Trata-se de mundos oníricos, satíricos, quase mágicos e até mesmo a roçar o barroco. Usam e abusam da metáfora e da analogia. Deliciam-se com a ideia de que os peixes grandes comem os peixes pequenos e com o mundo sócio-crítico. Uma das imagens que o demonstra na perfeição é Modern Romance que revela em si a componente crítica de um matrimónio em decadência e que tenta aguentar as aparências. Ele encontra-se nú, enverga um abat-jour que substitui a cabeça e tem nas mãos uma bandeja repleta de rolhas ao invés de bomboms. Ela encontra-se sentada numa poltrona a falar ao telefone. Segura num espelho e observa-se com indiferença.

A inspiração por vezes surge-lhes até de forma transcendental. «Há fotografias que idealizamos em estado de vigília, em que estamos acordados, mas meio a dormir e de repente dá-se o clique. Apanhamos qualquer coisa no éter que nos diz que é por ali que temos que seguir», conta José. Algumas das fotografias constituem uma espécie de homenagem às suas principais influências, como é o caso de Brueguel, Magritte e Munch. Existem também muitas influências musicais como Björk e Radiohead. «Mesmo a nível de fotógrafos. Gostamos muito de Saudek, Francesca Woodman e Duane Michaels. São múltiplas as influências que absorvemos, filtramos e damos o nosso próprio estilo», conta Maria Flores.

Photoshop muito, ou muita Realidade

As duas coisas e muito de tudo. Quem observa as fotografias desta dupla não deixa de pensar sobre a inúmera quantidade de photoshop que nelas foi depositada mas a realidade é bem diferente. O Photoshop está bem doseado e em quantidades q.b. «Existem fotografias como A Alquimia da Música onde existem várias latas com música enlatada pronta a ser consumida. Eu dei-me ao trabalho de retirar todos os rótulos e de colocar rótulos produzidos por nós, o que  poderia ser perfeitamente feito em Photoshop», conta José. Maria acrescenta que «o photoshop que fazemos é normal, é um tratamento quase de pintura e não o de colocar objectos e retirar. Mas também é necessária muita criatividade para essa fase. Dá tanto trabalho estar no laboratório como estar no photoshop. A câmara escura deixa de ser analógica e passa a digital. Gostamos de retocar as nossas imagens para lhes atribuir um carácter único».

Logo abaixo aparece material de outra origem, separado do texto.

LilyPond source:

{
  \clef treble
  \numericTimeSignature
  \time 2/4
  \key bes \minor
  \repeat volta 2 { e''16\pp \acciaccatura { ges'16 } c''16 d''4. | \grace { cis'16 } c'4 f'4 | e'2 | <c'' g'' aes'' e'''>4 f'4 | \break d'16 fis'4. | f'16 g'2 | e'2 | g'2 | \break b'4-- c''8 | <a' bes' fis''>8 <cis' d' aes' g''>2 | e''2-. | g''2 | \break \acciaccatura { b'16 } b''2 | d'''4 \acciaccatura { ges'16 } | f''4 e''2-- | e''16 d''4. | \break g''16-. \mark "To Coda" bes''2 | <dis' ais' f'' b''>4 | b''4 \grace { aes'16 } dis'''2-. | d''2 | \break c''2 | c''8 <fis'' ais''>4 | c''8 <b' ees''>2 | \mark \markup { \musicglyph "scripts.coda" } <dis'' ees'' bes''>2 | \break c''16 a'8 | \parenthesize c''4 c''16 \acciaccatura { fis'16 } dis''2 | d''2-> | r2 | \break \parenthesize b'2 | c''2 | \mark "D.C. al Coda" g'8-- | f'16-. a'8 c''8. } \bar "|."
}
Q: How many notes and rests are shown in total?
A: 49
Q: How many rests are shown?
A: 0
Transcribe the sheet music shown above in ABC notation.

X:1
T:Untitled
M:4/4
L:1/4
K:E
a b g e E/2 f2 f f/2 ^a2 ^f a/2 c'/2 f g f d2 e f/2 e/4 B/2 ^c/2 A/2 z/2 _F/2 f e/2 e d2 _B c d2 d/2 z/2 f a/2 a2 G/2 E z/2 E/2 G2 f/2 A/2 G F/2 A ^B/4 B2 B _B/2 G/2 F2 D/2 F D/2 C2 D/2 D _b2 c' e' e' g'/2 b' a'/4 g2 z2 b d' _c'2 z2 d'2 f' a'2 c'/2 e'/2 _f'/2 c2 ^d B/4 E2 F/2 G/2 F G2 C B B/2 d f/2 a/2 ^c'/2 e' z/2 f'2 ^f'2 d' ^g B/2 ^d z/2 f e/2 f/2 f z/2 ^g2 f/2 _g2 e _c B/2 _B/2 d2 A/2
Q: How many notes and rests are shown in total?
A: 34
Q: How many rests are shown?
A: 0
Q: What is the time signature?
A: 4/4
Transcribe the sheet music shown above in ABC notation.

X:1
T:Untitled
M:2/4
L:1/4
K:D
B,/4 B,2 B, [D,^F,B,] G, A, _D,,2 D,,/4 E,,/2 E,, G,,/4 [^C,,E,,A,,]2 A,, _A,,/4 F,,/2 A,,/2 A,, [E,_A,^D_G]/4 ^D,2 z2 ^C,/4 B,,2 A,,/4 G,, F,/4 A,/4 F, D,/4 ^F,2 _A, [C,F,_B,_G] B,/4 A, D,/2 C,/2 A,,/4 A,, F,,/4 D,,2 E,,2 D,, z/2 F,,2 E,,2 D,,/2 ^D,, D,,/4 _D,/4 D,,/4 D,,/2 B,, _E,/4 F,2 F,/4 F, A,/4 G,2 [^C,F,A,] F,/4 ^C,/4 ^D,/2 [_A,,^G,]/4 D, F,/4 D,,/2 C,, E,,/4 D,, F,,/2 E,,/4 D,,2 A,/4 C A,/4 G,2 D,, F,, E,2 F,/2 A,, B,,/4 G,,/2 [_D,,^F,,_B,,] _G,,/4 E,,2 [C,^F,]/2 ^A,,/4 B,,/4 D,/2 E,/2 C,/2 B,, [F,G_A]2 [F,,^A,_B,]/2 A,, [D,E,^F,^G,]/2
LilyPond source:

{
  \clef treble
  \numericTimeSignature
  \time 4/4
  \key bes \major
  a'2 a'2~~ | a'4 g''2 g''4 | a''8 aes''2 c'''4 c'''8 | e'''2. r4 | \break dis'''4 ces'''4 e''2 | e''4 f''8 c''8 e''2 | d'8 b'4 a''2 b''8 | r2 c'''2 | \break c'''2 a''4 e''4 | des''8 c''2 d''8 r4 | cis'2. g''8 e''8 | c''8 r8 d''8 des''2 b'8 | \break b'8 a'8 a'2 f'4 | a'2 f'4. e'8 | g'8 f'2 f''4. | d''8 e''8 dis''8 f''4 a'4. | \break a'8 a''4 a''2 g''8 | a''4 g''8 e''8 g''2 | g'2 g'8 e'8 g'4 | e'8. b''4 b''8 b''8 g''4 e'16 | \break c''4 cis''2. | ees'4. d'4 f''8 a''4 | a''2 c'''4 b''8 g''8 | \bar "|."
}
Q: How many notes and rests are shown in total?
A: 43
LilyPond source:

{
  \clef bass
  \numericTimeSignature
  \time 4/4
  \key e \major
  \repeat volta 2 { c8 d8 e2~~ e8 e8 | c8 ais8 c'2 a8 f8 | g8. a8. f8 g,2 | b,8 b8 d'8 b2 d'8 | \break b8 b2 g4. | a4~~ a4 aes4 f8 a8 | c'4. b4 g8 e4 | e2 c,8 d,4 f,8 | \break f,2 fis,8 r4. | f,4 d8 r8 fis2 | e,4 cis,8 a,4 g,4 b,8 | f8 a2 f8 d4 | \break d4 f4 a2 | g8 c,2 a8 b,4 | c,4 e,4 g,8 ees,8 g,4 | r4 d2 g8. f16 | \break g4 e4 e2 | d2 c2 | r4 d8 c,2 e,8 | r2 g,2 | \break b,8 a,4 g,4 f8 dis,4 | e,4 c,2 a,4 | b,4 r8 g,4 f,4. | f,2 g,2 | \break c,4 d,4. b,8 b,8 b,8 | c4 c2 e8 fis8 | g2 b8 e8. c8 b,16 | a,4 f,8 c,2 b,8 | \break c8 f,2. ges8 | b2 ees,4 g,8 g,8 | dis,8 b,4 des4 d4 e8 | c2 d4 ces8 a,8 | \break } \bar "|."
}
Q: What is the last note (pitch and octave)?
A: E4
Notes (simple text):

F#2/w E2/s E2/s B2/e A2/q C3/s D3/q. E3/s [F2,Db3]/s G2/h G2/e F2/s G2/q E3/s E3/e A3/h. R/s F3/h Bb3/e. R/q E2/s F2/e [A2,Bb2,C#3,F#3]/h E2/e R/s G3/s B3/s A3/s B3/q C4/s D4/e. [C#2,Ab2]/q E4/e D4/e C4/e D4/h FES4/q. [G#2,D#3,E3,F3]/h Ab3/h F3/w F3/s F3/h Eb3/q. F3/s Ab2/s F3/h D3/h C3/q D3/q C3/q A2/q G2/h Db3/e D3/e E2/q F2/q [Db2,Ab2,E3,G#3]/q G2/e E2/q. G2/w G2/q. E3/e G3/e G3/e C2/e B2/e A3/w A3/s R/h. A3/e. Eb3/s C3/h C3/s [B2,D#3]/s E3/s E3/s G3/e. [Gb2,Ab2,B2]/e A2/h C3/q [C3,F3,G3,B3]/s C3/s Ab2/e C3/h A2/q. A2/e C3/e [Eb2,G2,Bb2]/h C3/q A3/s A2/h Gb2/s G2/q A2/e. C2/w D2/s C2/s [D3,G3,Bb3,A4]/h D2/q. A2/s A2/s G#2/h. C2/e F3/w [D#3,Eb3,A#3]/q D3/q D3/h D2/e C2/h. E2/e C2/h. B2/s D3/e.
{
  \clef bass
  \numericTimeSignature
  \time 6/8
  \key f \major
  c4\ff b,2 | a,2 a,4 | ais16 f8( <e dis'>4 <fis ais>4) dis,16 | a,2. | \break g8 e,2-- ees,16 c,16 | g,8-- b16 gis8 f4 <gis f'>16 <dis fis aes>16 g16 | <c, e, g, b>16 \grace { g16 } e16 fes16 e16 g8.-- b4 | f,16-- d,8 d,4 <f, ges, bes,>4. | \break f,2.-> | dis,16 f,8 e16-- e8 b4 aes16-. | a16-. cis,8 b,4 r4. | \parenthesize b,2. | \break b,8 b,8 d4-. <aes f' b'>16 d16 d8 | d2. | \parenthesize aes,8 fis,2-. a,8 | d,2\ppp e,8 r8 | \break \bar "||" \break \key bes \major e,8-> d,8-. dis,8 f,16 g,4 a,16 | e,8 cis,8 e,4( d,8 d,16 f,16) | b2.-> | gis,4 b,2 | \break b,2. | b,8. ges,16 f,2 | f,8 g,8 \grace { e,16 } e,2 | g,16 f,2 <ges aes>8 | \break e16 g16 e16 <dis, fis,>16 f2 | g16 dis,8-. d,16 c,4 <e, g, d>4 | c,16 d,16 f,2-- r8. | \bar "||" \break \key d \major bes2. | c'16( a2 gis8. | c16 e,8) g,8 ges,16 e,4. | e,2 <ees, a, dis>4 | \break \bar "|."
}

Os artistas têm uma forte ligação com o Centro Português de Serigrafia. «O CPS tinha já alguns artistas residentes na área de fotografia, mas muito poucos, uma vez que estão mais vocacionados para as áreas de serigrafia e gravura. João Prates viu o nosso trabalho e gostou bastante. A partir daí começámos a fazer edições limitadas, abrindo a porta ao mundo da fotografia criativa», conta. Têm neste momento uma exposição de fotografia numa loja do CPS nas Twin Towers e fizeram uma importante exposição na Galeria de São Bento, intitulada O Lugar das Quimeras. Foi através desta exposição que me deslumbrei com o trabalho desta dupla. Fotografias de grande formato impregnadas de cor, vida e símbolos que não nos são indiferentes. Um universo onírico que não estou habituada a ver com tanta frequência quanto isso. «Gostámos imenso de expor na Galeria de São Bento e as imagens foram concebidas exclusivamente para a exposição. Há ainda um dado curioso, quando estávamos a escolher o papel para a exposição, a Epson adorou o nosso trabalho e acabou por patrocinar a exposição», conta José D'Almeida.

Projectos não lhes faltam e agoram estão a dedicar-se à Loja do Lopes, um novo espaço que abriu no interior do Pavilhão 28 do Hospital Júlio de Matos. Na Loja do Lopes há de tudo um pouco: fotografias e objectos num formato mais pequeno que irão fazer as delícias de quem por lá passar. Sim, porque José D'Almeida e Maria Flores não se limitam a fotografar, adoram fazer objectos, pensar com as mãos e dos objectos nascem fotografias.